TASK TO COMPLETE
The line containing "Exterior - 323" marks the end; write out exactly every line from the start of the data up to and including it, without the pictures.

-- LISTED RECORDS follows --

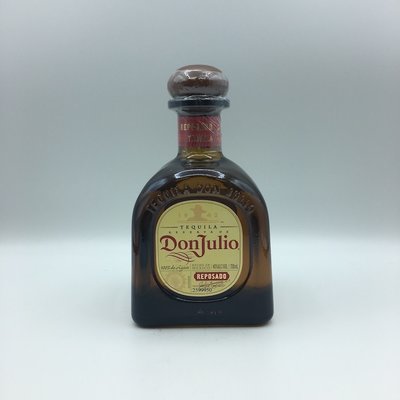 Don Julio Reposado Tequila 750ML Don Julio Reposado Tequila 750ML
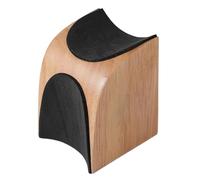 2 Usage Height Bass Mandolin Guitar Neck Rest Base Luthier Tool Guitar Neck Rest Wood Base Luthier Tool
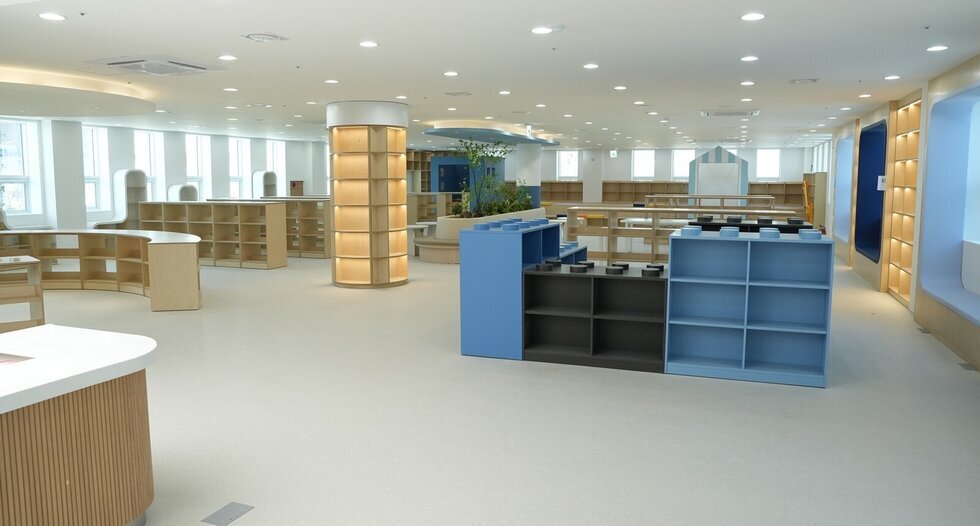 나주시, 생활밀착형 복합시설 ‘빛가람 꿈자람센터’ 2월 6일 개관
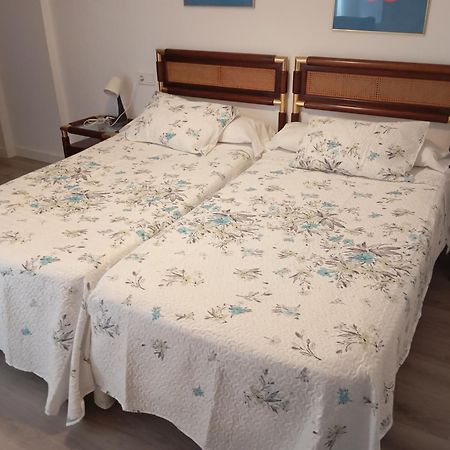Appartement Bnap Gesta à Oviede Extérieur photo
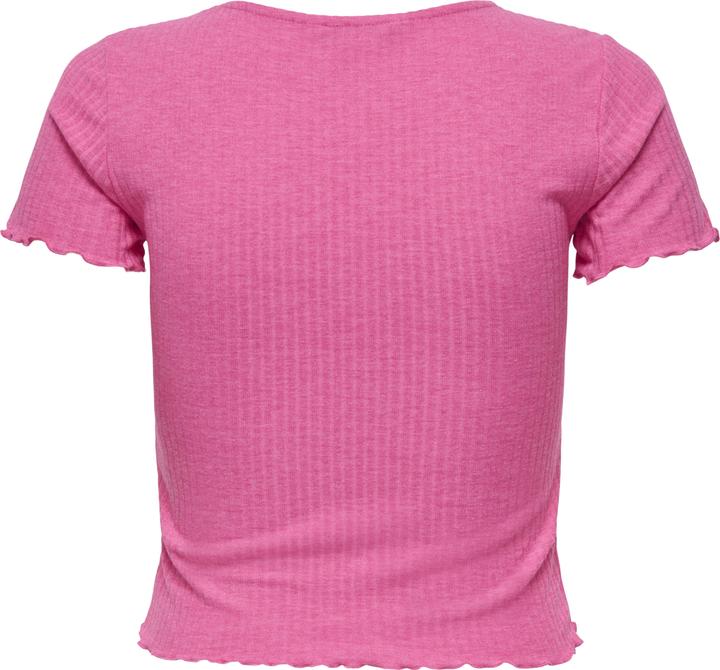 Produktbild Only Onlemma S/S Short Top Noos Jrs (L)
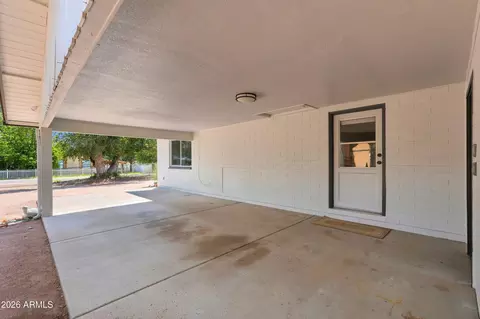 Exterior - 323 W Roundup Rd, Payson, AZ 85541 photo 5 of 15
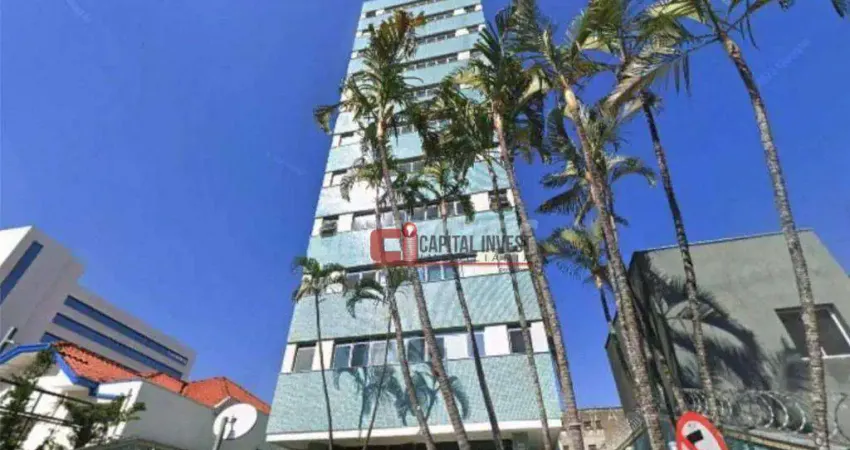 Sala à venda, 106 m² por R$ 395.000 - Centro - Campinas/SP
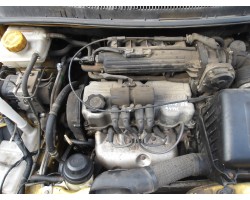 ENGINE CHEVROLET MATIZ 1 0 B10S B10S1 COMPLETE FILM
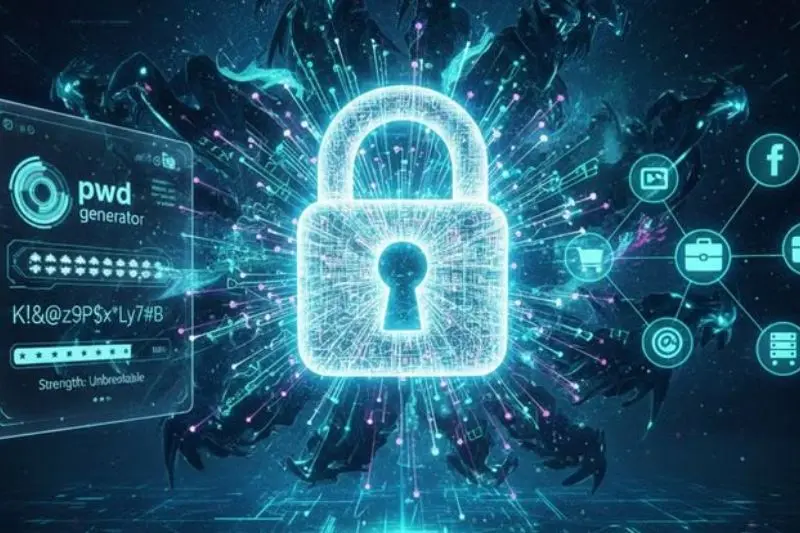 what Is personal data protection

-- LISTED RECORDS concluded --

ANSWER BELOW
 Don Julio Reposado Tequila 750ML Don Julio Reposado Tequila 750ML
 2 Usage Height Bass Mandolin Guitar Neck Rest Base Luthier Tool Guitar Neck Rest Wood Base Luthier Tool
 나주시, 생활밀착형 복합시설 ‘빛가람 꿈자람센터’ 2월 6일 개관
Appartement Bnap Gesta à Oviede Extérieur photo
 Produktbild Only Onlemma S/S Short Top Noos Jrs (L)
 Exterior - 323 W Roundup Rd, Payson, AZ 85541 photo 5 of 15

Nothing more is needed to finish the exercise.